La nueva guerra tecnológica: automóvil y globalización
Magdalena Cadagua
Analista de Iberglobal
La guerra tecnológica en torno al automóvil tiene un carácter global, conllevando, así, importantes consecuencias negativas sobre el proceso de globalización.
A finales del siglo XIX, el mundo fue testigo de una de las guerras tecnológicas más intensas y de mayor proyección económica que se han registrado en los anales: la guerra entre la corriente continua, promovida por Edison (General Electric), y la corriente alterna, patrocinada por Westinghouse. El resultado de esta guerra tecnológica, pero también industrial y comercial, es hoy bien evidente: la victoria absoluta e inapelable de la corriente alterna sobre la continua.
Hoy vivimos una guerra tecnológica de, posiblemente, un mayor alcance económico y que gira en torno a un producto que persiste, tras casi un siglo de presencia en el mercado, en la generación de riqueza innovadora, de empuje empresarial marshalliano y de prosperidad schumpeteriana: el sector del automóvil.
Esta guerra tecnológica es la que se libra para la determinación del mecanismo de propulsión del vehículo: motor eléctrico por baterías de litio, motor eléctrico por baterías de oxígeno o la pervivencia del motor de combustión interna. El mayor alcance económico de esta nueva guerra tecnológica viene determinado tanto por el tamaño del mercado en disputa como por su alcance geográfico global, frente a un mercado incipiente y local, como fue la llamada guerra de las corrientes. El sector del automóvil aporta cerca del 3% al PIB mundial.
La segunda importante diferencia entre ambas guerras tecnológicas es que la primera tuvo como protagonistas a empresas privadas que, inicialmente, aspiraban a suministrar un bien público como es la iluminación urbana. Lo que estamos viviendo hoy, precisamente por su importancia económica global, es un enfrentamiento entre naciones para la producción de un bien privado como es el automóvil.
Efectivamente, un breve repaso a la actualidad económica internacional nos habla de medidas de política comercial europeas y norteamericanas contra las importaciones de vehículos eléctricos chinos; de iniciativas de política industrial china para cubrir las inmensas pérdidas de la industria china de vehículos eléctricos, artificialmente sostenida por vía de créditos de la banca pública china que son sempiternamente refinanciados; de las políticas públicas de fomento de la inversión en I+D+i en las que todos incurren.
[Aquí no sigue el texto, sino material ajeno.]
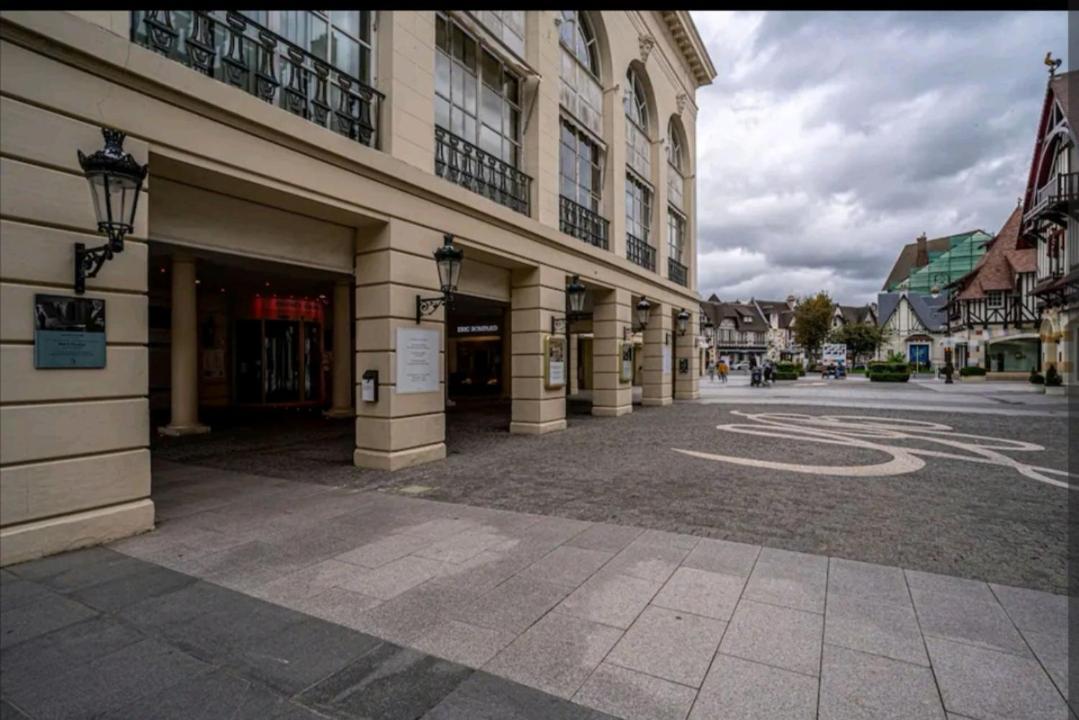 : Magnifique En Face Du Casino ! Deauville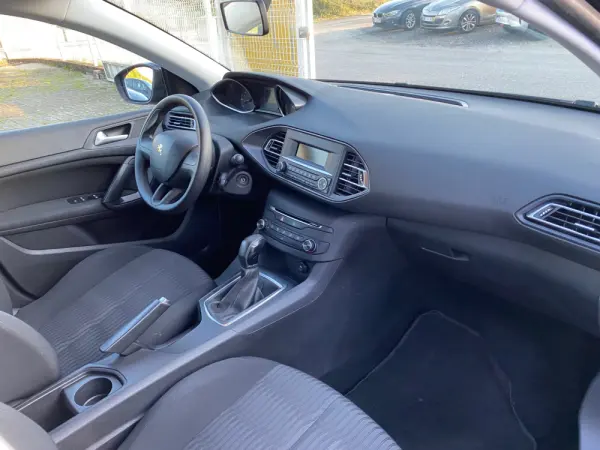 Peugeot 308 SW 1.6 BlueHDi Business Line 12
Los países, perfectamente conscientes de la importancia industrial y económica que está en juego con la pervivencia de su cuota del sector, han decidido poner toda la carne en el asador, en defensa respectiva de las diferentes opciones tecnológicas. En este empeño, no parecen dudar en cuestionar el orden económico que, en gran medida, tiene su origen en este sector, esto es, la globalización. El sector que, en gran medida, es el epítome de la globalización puede ser también una de las principales causas y manifestaciones de su superación.
Sin embargo, el precedente de la guerra de las corrientes, matizado por una realidad bien distinta, como se ha esbozado, puede desembocar en resultados diferentes. En concreto, no cabe esperar una solución en la que “winner takes all”, un juego de suma cero en el que hay una parte victoriosa y todas las demás son lastimosas perdedoras. Por el contrario, conforme se van desvelando los beneficios y los costes públicos, privados y sociales de cada una de las alternativas tecnológicas, no parece muy descabellado pensar que el resultado final de esta guerra será una paz más o menos estable, en la que convivirán las diversas opciones tecnológicas, sirviendo a segmentos diferenciados del mercado.
Ante esta eventualidad, cabe preguntarse si el coste de la guerra, esto es, el sistema comercial internacional basado en normas y, en última instancia, la globalización, no resulta excesivo.